In order to save you from any situation which may or may not result in you being the world’s first height-fearing tomato nearly dying upon a mountain, I have kindly compiled a list of things to do in Cape Town that won’t drain your precious energy reserves.
So, you’re at the coast. It’s summer. You’re obliged to put your toes in the sea, to feel the sand beneath your feet. After all, you’re probably coming from Joburg or Pretoria and the closest thing we have to a beach is Sun City in all its chlorinated glory. Luckily Cape Town has a seemingly unlimited number of beaches which can cater to your every beachy need (some even come equipped with actual penguins). The best part of going to the beach, being a lazy person and all, is the fact that you can lie around and do nothing for hours and no one blinks an eye. In fact, it’s actually encouraged. If you can overlook the fact that no matter what you do, you’re going to end up with at least 11KGS of sand in your costume bottoms and the possibility of getting hypothermia if you swim (unless you’re from Joburg and you’re completely dedicated to the swimming cause) then the beach really is the place for you.
Watching overzealous surfers do things in the waves from the comfort of your towel, under your rented umbrella, sipping an ice-cold coke which you bought from the nice man who came running with a cooler box at the slightest glance in his general direction.
It’s a national treasure. It’s the first and last thing you see when you come to Cape Town (weather permitting). Most Capetonians worship it to some degree and it stands so majestically over the city that you can almost understand why. A part of you is desperate to stand on the top of this iconic landform, but alas, a hike to the top is certainly not an option. Luckily for you, my lazy friend, the cable car is here to make all your mountain summiting dreams come true. There are few things more exhilarating than an energy-saving trip up a mountain in a mechanised glass bubble which not only offers panoramic views of most of Cape Town and the Atlantic Ocean, but also gives you the rare opportunity to finally understand how the hamster you owned 15 years ago, felt when you picked him up in his little see-through exploration ball. Not to mention there’s a restaurant on top. I mean, what more could you possibly need?
Occasionally spotting ant-sized hikers as they haul themselves along the steep pathways to the top. This certainly adds to the satisfaction of your hassle-free journey.

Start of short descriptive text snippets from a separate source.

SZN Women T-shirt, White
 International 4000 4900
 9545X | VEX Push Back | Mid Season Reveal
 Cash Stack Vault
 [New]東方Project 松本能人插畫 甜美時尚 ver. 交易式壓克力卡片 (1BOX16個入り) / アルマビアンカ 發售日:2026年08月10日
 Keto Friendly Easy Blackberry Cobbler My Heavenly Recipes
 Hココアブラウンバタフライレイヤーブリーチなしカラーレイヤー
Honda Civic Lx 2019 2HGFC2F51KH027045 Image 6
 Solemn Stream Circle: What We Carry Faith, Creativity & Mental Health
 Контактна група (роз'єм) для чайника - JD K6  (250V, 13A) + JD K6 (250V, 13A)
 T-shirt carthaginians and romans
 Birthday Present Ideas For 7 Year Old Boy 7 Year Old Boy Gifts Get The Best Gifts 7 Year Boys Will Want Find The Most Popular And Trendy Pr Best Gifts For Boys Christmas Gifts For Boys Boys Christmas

Do you drink wine? Of course you do. Are you somewhere in the Western Cape? Apparently so. Do you want to avoid the 11th family hike up Paarl rock that your mom has organised under the guise of ‘bonding’ but probably has more to do with the fact that she knows the last time you exercised was 5 years ago, when your cat ran out the gate and you had to chase it up and down the road for an hour? I’m sure she thinks she has your best interests at heart, but rather than brave another family bonding session, why not go wine-tasting? I know what you’re thinking: best idea ever. Wine-tasting not only provides you with the opportunity to drink a variety of wines that are probably quite good, whilst pretending that you’re somewhat civilised and that you don’t only drink alcohol with the intention of getting drunk; but it also gives you some interesting and necessary information about the birds and bees of wine making. This information is extremely useful for trying to impress your friends by telling them that the red wine you’re drinking is in fact Shiraz and that yes, you can tell this without looking at the label first.
Being able to observe the self-confessed wine “experts” in their natural habitat. There is a certain charm to watching a middle-aged man with his nose stuck halfway in a wine glass while he lists (very loudly) all the flavours he believes are infused in the wine including (but not limited to) freshly mowed Karoo grass, sea salt, Peruvian cacao and half-ripe strawberry seeds.